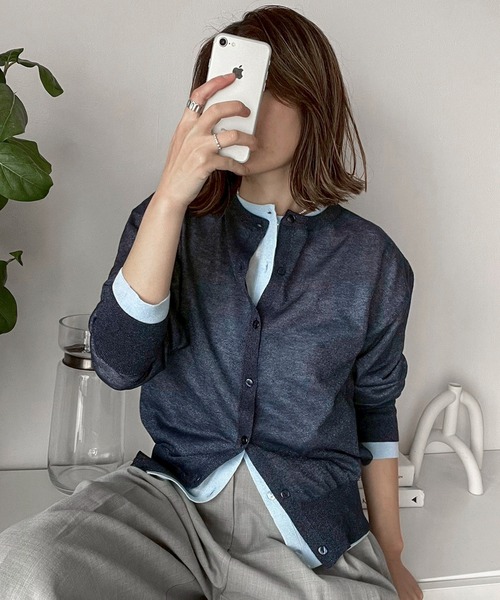ボンジュールサガン BONJOUR SAGAN [SET]クルーネックラメシアーコンパクトカーディガン2点セット （LIGHT-BLUE×NAVY） セール】[SET]クルーネックラメシアーコンパクトカーディガン2点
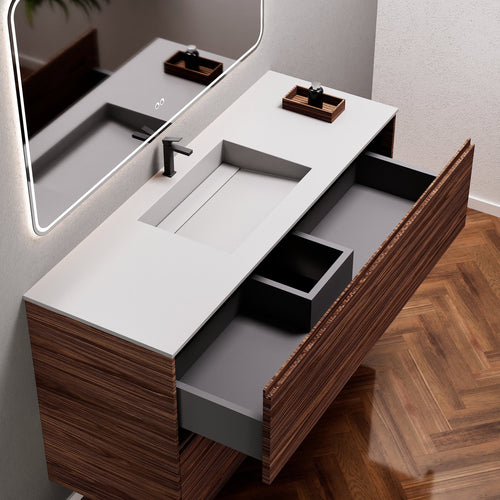 Aurora Frame – Corian® Basin with 2 Stacked Drawers - ROVALUX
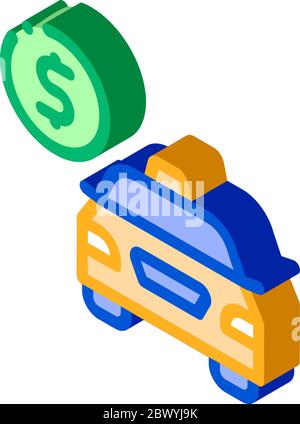 Human Hitch-Wandern Online Taxi isometrische Symbol Vektor-Illustration Stock Vektor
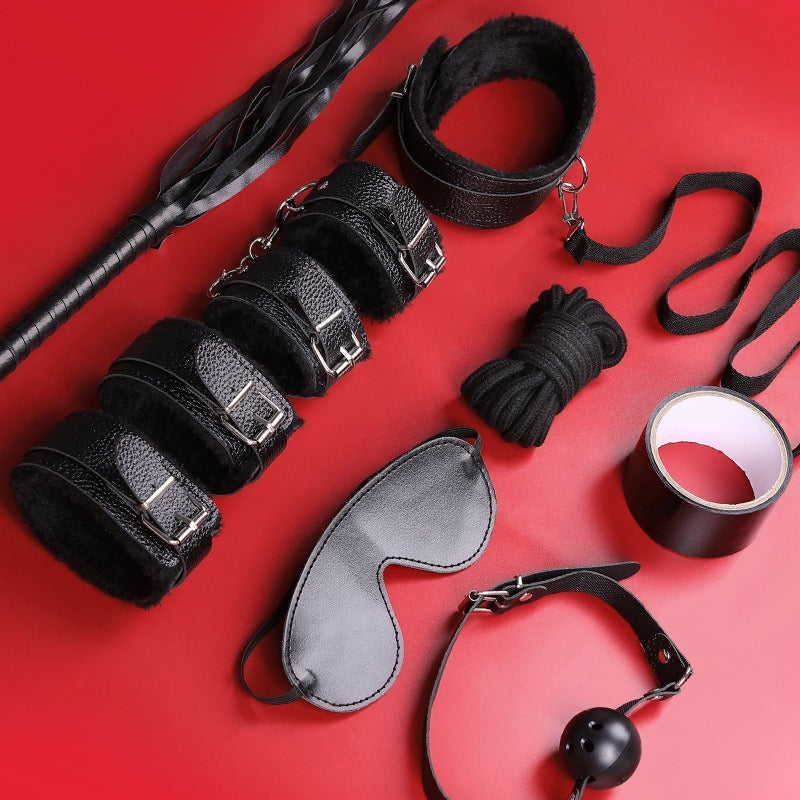 8-Piece SM Kit for Couples — Leather or Fur | Adult Erotic Game (18+)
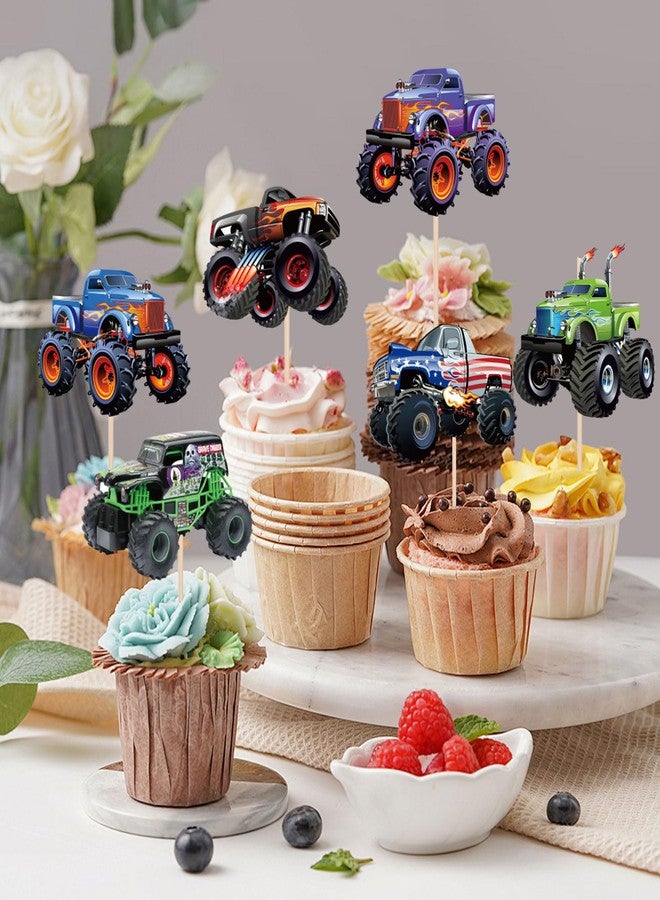 Pretyps 24 PCS Monster Truck Cupcake Toppers Truck Car Theme Birthday Party Decorations Racing Car Theme Birthday Decoration for Boys Girls Baby Shower Kids Cake Decorations Party Supplies - Image 3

**REQUIRED ACTION:** Return the material above exactly; the images stay out.

**RESPONSE AREA:**
ボンジュールサガン BONJOUR SAGAN [SET]クルーネックラメシアーコンパクトカーディガン2点セット （LIGHT-BLUE×NAVY） セール】[SET]クルーネックラメシアーコンパクトカーディガン2点
 Aurora Frame – Corian® Basin with 2 Stacked Drawers - ROVALUX
 Human Hitch-Wandern Online Taxi isometrische Symbol Vektor-Illustration Stock Vektor
 8-Piece SM Kit for Couples — Leather or Fur | Adult Erotic Game (18+)
 Pretyps 24 PCS Monster Truck Cupcake Toppers Truck Car Theme Birthday Party Decorations Racing Car Theme Birthday Decoration for Boys Girls Baby Shower Kids Cake Decorations Party Supplies - Image 3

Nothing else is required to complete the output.